Introduction

The GitLab connector for Glean allows Glean to fetch and index content from GitLab, ensuring that users can search and access documents for which they have authorized permissions.

Authentication: Glean requires the GitLab admin to authenticate to Glean during the setup of the data source with a Personal access token and Webhook secret token
Data Storage: All data is stored in the cloud project within the customer's cloud account, ensuring no data leaves the customer's environment

API Usage

Standard API: Glean uses GitLab’s standard REST API to ingest all data

Integration Features

Content Captured: Glean captures GitLab repos, commits, issues, pulls, and pushes.
Permissions Enforcement: Glean respects all user access permissions, ensuring users only see search results for documents users can access. When a user clicks on a search result, they are taken to the GitLab web application, which enforces the permission.

Versions Supported

There are no specific version limitations of the GitLab connector except that the document is limited to GitLab Cloud and not on-premise connected GitLab Server (which is supported by Glean with a separate connector).

Objects Supported

The GitLab connector supports the following objects:

Merge request descriptions
Merge request conversations/comments
Commit messages for the main branch
Wikis
Issues

Glean will capture the following from the latest commit on the main branch:

Directory/file names
Full content of documentation files only (.md and .txt)

Authentication Mechanism

Glean requires a personal access token from a GitLab user account to authorize Glean API calls. This account must have access to all projects in scope for Glean to crawl. Glean can programmatically create webhooks during setup by granting Glean the API scope for this API token (recommended). If the token is restricted to read-only access, webhooks will need to be created manually for every single project that you want crawled.

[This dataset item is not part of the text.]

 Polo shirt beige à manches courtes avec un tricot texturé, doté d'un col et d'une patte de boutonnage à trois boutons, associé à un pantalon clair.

Create a Personal Access Token (PAT)

Sign into your GitLab user account.
Navigate to upper right-hand corner (user icon) and click "Preferences"
Select "Access Tokens" on the left side menu.
Add a personal access token.
1. Name: Glean Token
2. Scopes:
  1. For granting write privileges: API (recommending)
  2. If granting read-only privileges:
    read_user
    read_api
    read_repository
Leave Expires at empty.
Copy the Personal Access Token (PAT) into the corresponding field in the Glean GitLab data source in the setup step.

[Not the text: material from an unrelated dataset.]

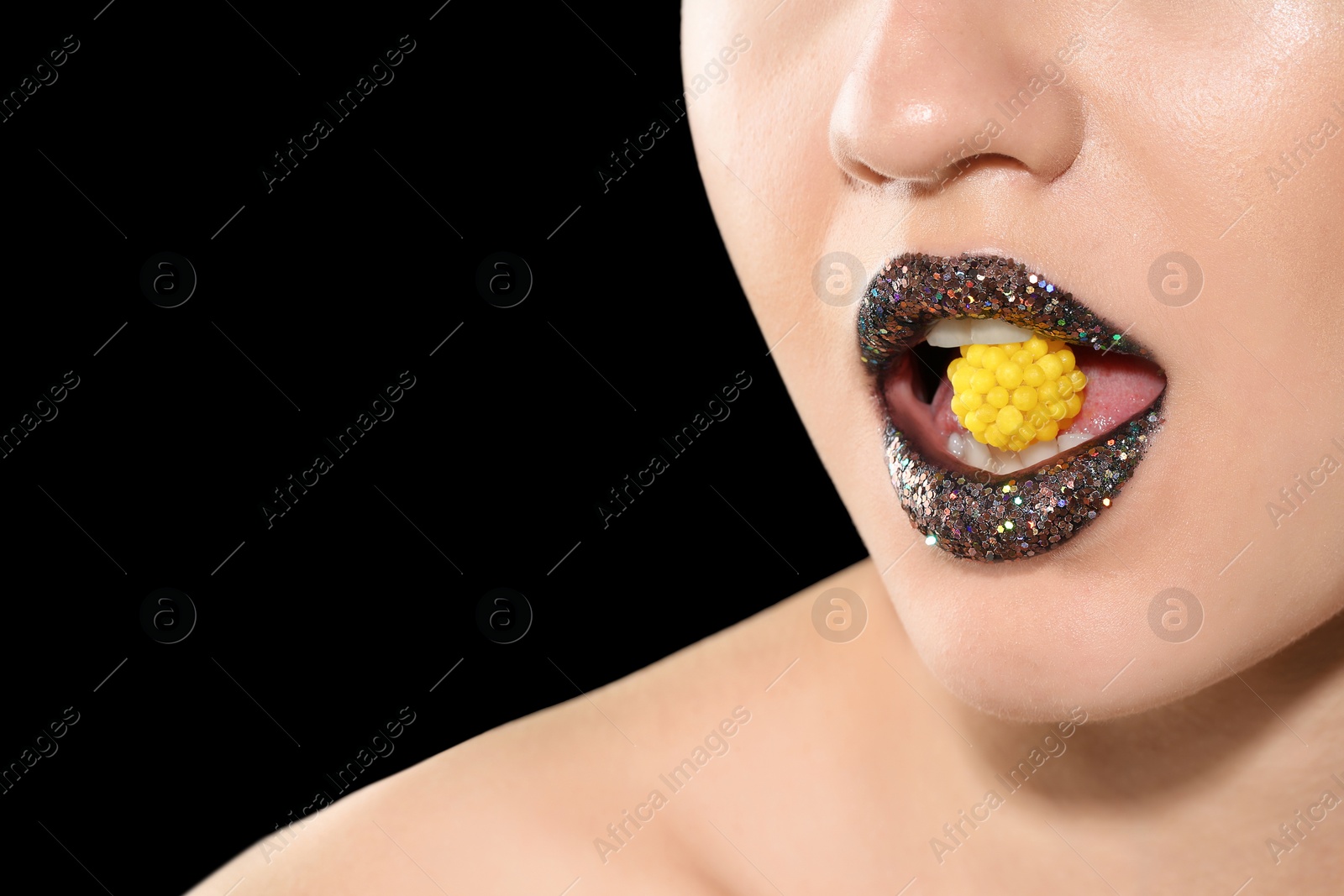 Photo of Beautiful young model with creative makeup holding candy in lips on black background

Create Webhooks Manually (if PAT is read-only)

Log into GitLab with an account with owner privileges to manually create webhooks in a project. For each project, perform the following steps:

Navigate to the project page within GitLab.
On the left-side menu, navigate to Settings → Webhooks
Create a webhook with the following properties:
- URL: (generated dynamically from Glean GitLab data source UI setup → Show setup instructions)
- Secret token: (generated dynamically from Glean GitLab data source UI setup → Show setup instructions)
- Trigger:
  - Push events
  - Comments
  - Issue events
  - Merge request events
  - Wiki page events
Input that Secret Token to the corresponding "Webhook secret token" field in Glean.
After creating all project webhooks on GitLab, click Save

User Mapping

GitLab Cloud does not disclose a user’s email address through the API unless the user has explicitly consented to the public display of their email. For Glean to accurately retrieve permissions within GitLab, it is essential for Glean to associate each user ID with the corresponding company email. Please generate a CSV file comprising two columns: GitLab user ID and email.

Column headers are not required.
Columns must be in the order (user ID, email).
The user ID is NOT the username –– the user ID should be numbers only and corresponds to the ID in the example response of the /members API.
Example of a correct row: 12345,user1@glean.com

To enumerate all GitLab user identification numbers, please utilize the GitLab API. Company email addresses can be retrieved internally from an identity management system such as Okta, GSuite, or any alternative source.

Connection instructions

Disclaimer: The instructions below are updated periodically by Glean on our customer-facing documentation. For the latest instructions, refer to the Glean Admin UI.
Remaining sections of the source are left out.